No lo dudé. Cogí el libro y, aunque el tacto de la encuadernación me produjo arcadas de asco, pagué y salí como huyendo de la misma muerte, mientras a mi espalda creí oír las carcajadas de una demente dependienta.Entonces nada de lo que ocurría me extrañaba, inocente de mí, ni tan siquiera que aquel enorme libro cupiese en la cartera de hombro que, durante los dos últimos años, me acompañaba. Y así me incorporé a la perfecta Tertulia de los Jueves que coordinaba Javier Abellán, y así me encontré en un perfecto marco mientras mi mente viajaba de placer lejos del lugar, casi os podría decir que me olvidé de lo que palpitaba a mis pies, el maldito Libro de Jawaharlal, pero aquello era otro engaño que, en las fatídicas horas próximas el propio libro me obligaría a aprender a base de dolor y miedo.
Llegué a casa sin acordarme de lo que contenía mi cartera, lo cual achaqué a uno de los efectos de la medicación que estaba tomando. No me apetecía ver la televisión y me subí a la cama (está en la planta superior del duplex donde vivo), para buscar el sueño mientras terminaba de leer Oeuvres Posthumes, del poeta árabe Abdul Alhazred y, en efecto, debí quedarme dormido pronto, pues cuando retomé la lectura vi que no había leído más de dos poemas. ¡Y qué poemas! No sin razón los lectores de todo el mundo suelen calificar a Alhazred como demente.
Me desperté a las cuatro de la mañana, la casa permanecía en silencio, y fría, muy fría, casi tiritando me vestí el chándal y bajé a la cocina para conectar la calefacción. Entonces escuché unos pasos muy ligeros y un petrificador pánico me agarró la voluntad. Por las ventanas se filtraba la mortecina luz de las farolas de la calle y del jardín, y en ellas se apoyó mi ánimo para mirar y descubrir, con el placer de poder volver a respirar, que nadie había en la casa.

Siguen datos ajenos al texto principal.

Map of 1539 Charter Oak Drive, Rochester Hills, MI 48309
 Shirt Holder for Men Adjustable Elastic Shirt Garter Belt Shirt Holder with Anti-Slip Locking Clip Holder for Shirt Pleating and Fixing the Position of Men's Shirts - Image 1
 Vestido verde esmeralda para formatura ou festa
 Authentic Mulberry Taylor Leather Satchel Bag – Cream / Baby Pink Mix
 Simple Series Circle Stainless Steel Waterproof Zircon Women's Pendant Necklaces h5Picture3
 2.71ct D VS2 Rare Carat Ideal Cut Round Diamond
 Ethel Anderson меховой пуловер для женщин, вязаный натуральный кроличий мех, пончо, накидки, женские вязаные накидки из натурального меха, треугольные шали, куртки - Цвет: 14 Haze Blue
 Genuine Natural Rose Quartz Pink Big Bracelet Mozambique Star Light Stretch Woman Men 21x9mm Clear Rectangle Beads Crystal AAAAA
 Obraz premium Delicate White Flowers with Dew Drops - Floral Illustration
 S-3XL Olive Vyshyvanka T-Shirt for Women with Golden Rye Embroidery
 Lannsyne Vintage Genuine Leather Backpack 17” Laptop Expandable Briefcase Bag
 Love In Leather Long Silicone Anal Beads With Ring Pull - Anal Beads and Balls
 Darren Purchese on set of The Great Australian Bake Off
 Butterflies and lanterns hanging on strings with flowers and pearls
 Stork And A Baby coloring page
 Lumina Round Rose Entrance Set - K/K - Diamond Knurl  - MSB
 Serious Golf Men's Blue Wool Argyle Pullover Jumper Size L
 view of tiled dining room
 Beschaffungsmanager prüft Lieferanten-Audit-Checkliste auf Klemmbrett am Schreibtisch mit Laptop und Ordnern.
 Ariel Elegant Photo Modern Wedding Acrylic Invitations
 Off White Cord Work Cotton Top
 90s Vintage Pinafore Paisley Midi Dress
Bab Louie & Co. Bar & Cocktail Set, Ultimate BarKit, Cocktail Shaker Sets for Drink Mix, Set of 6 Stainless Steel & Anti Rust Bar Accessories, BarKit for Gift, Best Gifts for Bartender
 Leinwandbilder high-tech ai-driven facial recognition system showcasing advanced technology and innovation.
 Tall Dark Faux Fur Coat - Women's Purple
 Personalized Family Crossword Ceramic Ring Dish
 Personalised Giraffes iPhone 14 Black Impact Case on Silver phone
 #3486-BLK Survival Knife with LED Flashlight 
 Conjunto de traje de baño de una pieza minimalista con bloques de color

Así, me disponía a regresar al dormitorio cuando, nuevamente, aquellos ligeros pasos desviaron mi atención hacia mi despacho. Anduve hacia él y las venas en las sienes se me hincharon con el esfuerzo, mientras un pánico irracional se iba apoderando de mí. Abrí la puerta y me encontré ante una oscuridad tan profunda que no parecía de este mundo. Entonces recordé el libro que permanecía encerrado en mi cartera. ¡Dioses, qué frío!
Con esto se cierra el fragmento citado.